Fitch cut Brazil's rating to BB+ with a negative outlook, saying impeachment proceedings against President Dilma Rousseff heightened political risks amid a deepening recession. Standard & Poor's had stripped the country of its investment grade in September, while Moody's Investor Service said last week it was considering doing the same. "It was a done deal; Fitch won the race. Now Moody's is just embarrassed to be late to the party," said Pedro Tuesta, an economist with 4Cast in Washington D.C. The real hit its lowest in two months after the announcement but recovered partially as many traders were already prepared for a second downgrade to junk. The currency tumbled about 2 percent after the Brazilian government decided to cut a key fiscal goal for next year, despite protests from Finance Minister Joaquim Levy. Levy has spearheaded the government's efforts to rein in spending as it tries to regain investor confidence and fight a deepening economic downturn. Local media reports said he had threatened to leave his post if the target was reduced. Investors worried that the move could usher in a return to the interventionist policies left-leaning Rousseff pursued over her first term.

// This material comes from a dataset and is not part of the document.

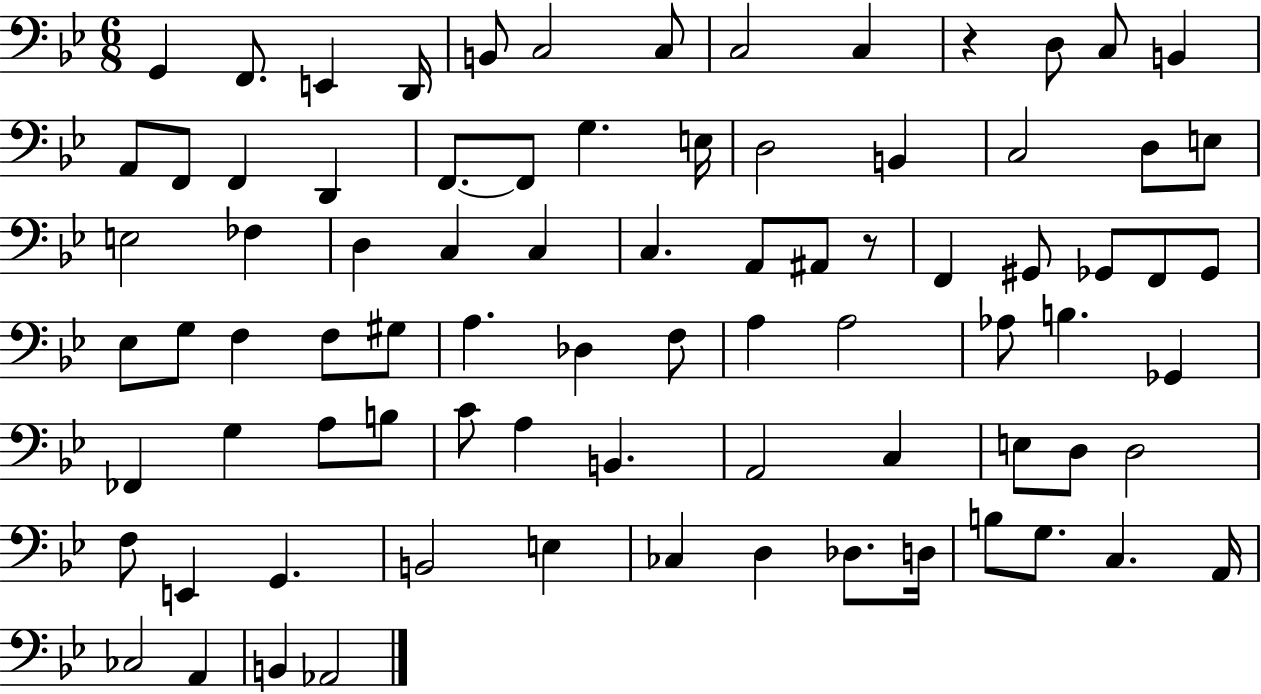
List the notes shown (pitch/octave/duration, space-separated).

G2/q F2/e. E2/q D2/s B2/e C3/h C3/e C3/h C3/q R/q D3/e C3/e B2/q A2/e F2/e F2/q D2/q F2/e. F2/e G3/q. E3/s D3/h B2/q C3/h D3/e E3/e E3/h FES3/q D3/q C3/q C3/q C3/q. A2/e A#2/e R/e F2/q G#2/e Gb2/e F2/e Gb2/e Eb3/e G3/e F3/q F3/e G#3/e A3/q. Db3/q F3/e A3/q A3/h Ab3/e B3/q. Gb2/q FES2/q G3/q A3/e B3/e C4/e A3/q B2/q. A2/h C3/q E3/e D3/e D3/h F3/e E2/q G2/q. B2/h E3/q CES3/q D3/q Db3/e. D3/s B3/e G3/e. C3/q. A2/s CES3/h A2/q B2/q Ab2/h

Brazil's Supreme Court on Wednesday said it had suspended impeachment proceedings against Rousseff until it rules on their validity. Some traders believe an impeachment could help Brazil fight what is likely to be its longest recession since the 1930s by ushering in more market-friendly policies. Others warn that political wrangling could delay efforts to cut spending and raise taxes, possibly triggering a downgrade of the country's sovereign debt. "The current interpretation is that yesterday's events represent a defeat for the government and this is positive for the market," said João Paulo de Gracia Correa, a trader at Correparti brokerage in Curitiba. "But it is still too early and the situation is too premature to have a medium-term assessment," he added.